- _SOURCE MATERIAL_
_ _ _
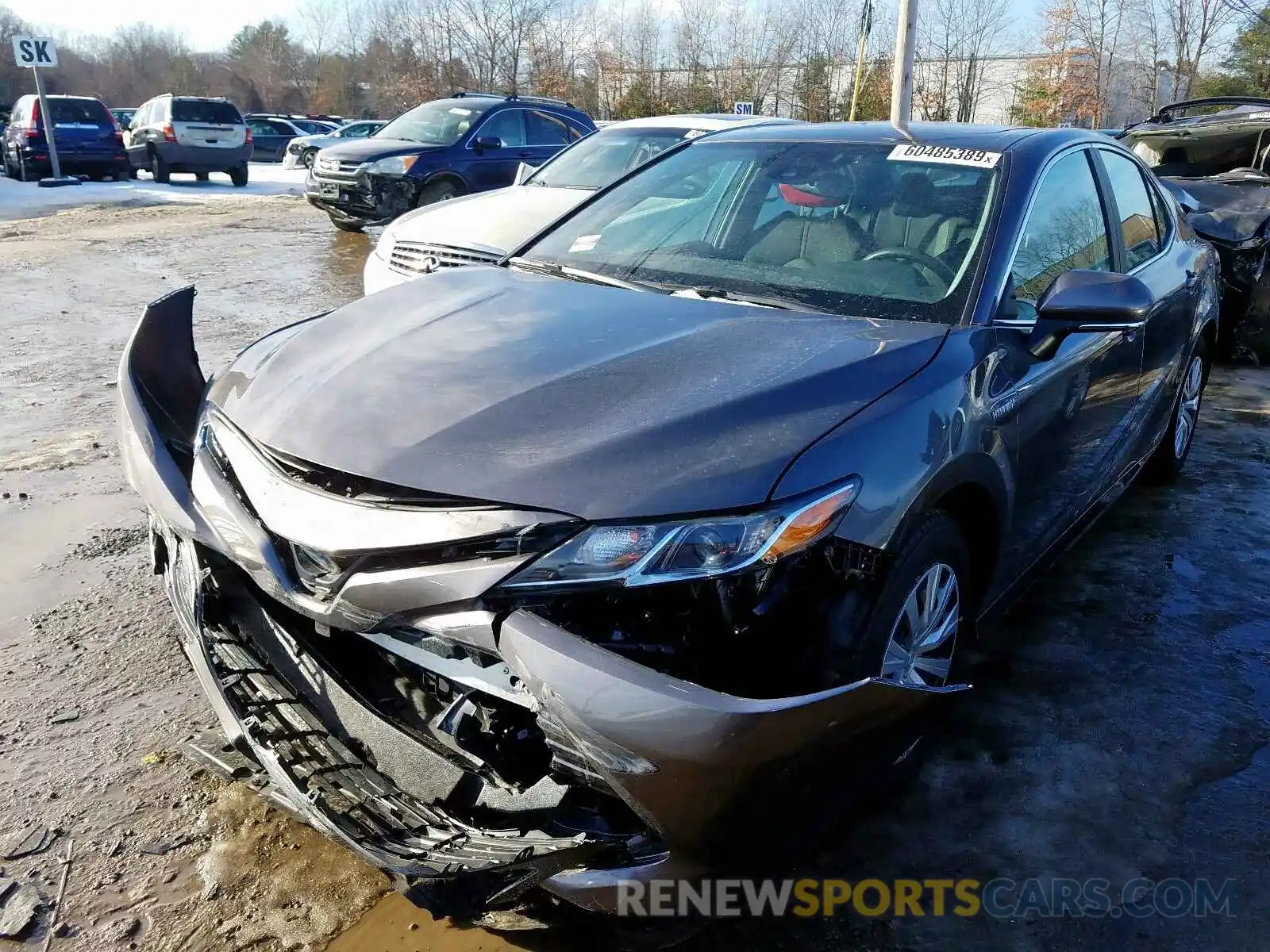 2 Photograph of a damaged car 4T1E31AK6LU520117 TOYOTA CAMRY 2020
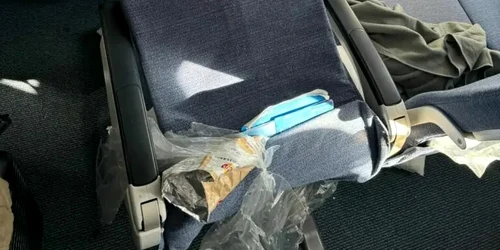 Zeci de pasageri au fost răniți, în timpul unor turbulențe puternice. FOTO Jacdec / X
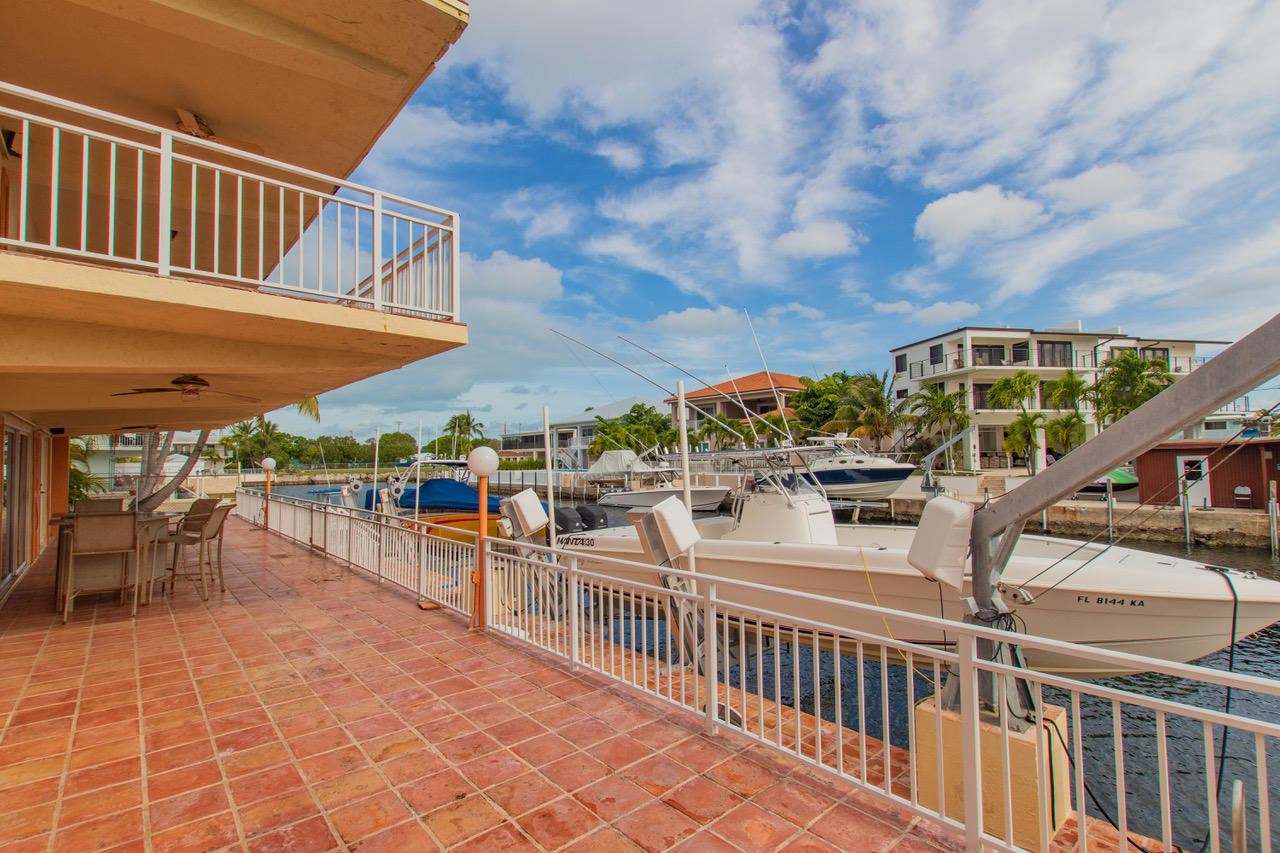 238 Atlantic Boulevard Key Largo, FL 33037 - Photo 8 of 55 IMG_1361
_ _ _
- _TRY IT_
Retype the whole listing. Keep every word exact but include no pictures.

- _WRITTEN REPLY_
 2 Photograph of a damaged car 4T1E31AK6LU520117 TOYOTA CAMRY 2020
 Zeci de pasageri au fost răniți, în timpul unor turbulențe puternice. FOTO Jacdec / X
 238 Atlantic Boulevard Key Largo, FL 33037 - Photo 8 of 55 IMG_1361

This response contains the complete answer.